Task item ->
When the line with "Collana Pendente Moneta Segno Zodiacale" is found, repeat it and all lines that follow it exactly, stopping at the end of the listing.
--
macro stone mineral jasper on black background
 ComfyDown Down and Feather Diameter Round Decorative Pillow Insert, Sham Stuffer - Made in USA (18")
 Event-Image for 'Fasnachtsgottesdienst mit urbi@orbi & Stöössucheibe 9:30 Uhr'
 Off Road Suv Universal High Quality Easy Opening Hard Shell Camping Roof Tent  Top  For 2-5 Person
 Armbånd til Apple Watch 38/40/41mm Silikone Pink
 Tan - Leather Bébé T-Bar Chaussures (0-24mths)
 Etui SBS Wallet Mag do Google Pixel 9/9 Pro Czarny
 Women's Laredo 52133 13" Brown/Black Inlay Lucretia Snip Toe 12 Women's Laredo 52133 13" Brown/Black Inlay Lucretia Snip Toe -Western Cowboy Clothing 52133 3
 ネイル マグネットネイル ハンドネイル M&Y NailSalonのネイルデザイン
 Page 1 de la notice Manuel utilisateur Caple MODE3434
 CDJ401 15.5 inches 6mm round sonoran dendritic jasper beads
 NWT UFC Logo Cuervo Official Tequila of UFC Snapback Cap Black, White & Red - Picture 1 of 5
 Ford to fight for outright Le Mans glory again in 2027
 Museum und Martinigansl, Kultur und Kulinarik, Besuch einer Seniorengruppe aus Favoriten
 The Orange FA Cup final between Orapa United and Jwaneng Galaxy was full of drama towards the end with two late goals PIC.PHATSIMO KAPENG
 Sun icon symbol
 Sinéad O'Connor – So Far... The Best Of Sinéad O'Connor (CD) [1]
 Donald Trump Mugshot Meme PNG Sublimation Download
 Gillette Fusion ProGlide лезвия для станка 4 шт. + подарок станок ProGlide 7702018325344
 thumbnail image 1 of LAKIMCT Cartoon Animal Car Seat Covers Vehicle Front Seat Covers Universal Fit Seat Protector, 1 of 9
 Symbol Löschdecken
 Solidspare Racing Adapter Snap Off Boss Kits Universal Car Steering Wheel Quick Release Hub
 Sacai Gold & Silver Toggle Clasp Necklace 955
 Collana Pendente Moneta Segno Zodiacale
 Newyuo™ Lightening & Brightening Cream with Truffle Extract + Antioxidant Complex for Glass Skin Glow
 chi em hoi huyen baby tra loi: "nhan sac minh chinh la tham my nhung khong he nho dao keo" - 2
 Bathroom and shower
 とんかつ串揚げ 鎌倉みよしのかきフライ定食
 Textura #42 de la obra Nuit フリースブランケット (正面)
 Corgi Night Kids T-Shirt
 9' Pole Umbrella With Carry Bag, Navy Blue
--
Response area ->
 Collana Pendente Moneta Segno Zodiacale
 Newyuo™ Lightening & Brightening Cream with Truffle Extract + Antioxidant Complex for Glass Skin Glow
 chi em hoi huyen baby tra loi: "nhan sac minh chinh la tham my nhung khong he nho dao keo" - 2
 Bathroom and shower
 とんかつ串揚げ 鎌倉みよしのかきフライ定食
 Textura #42 de la obra Nuit フリースブランケット (正面)
 Corgi Night Kids T-Shirt
 9' Pole Umbrella With Carry Bag, Navy Blue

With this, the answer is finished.